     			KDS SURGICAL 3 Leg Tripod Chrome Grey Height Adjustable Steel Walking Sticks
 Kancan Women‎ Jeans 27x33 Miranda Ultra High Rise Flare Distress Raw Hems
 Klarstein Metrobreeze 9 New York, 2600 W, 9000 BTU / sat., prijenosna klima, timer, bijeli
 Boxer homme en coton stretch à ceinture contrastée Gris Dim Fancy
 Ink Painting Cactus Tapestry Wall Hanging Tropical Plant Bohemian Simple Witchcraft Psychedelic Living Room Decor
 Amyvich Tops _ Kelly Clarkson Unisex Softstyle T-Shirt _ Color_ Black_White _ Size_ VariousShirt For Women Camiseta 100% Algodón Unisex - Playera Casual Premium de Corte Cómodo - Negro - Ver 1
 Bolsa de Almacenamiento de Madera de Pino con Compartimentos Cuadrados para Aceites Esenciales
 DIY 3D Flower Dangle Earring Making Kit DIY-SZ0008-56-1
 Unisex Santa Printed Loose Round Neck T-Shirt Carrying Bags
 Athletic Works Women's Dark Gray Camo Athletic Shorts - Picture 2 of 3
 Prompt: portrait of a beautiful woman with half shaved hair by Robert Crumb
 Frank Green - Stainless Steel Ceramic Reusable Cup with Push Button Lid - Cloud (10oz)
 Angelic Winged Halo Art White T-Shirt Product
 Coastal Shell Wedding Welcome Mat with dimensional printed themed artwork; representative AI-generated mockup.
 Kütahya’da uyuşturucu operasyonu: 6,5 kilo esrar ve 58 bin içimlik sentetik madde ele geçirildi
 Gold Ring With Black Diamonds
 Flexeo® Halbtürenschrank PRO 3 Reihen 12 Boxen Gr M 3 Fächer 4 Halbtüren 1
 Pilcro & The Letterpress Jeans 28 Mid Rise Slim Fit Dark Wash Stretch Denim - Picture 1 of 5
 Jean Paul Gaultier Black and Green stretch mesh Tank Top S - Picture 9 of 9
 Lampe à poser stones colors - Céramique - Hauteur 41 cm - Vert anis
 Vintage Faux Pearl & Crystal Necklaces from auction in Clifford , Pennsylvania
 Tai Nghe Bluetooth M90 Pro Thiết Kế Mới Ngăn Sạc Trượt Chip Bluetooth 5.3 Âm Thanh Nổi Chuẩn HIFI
============================================================
• _Aim of the task_
Take each line from the preceding material that contains "Green" and copy it.

• _Exercise output_
 Frank Green - Stainless Steel Ceramic Reusable Cup with Push Button Lid - Cloud (10oz)
 Jean Paul Gaultier Black and Green stretch mesh Tank Top S - Picture 9 of 9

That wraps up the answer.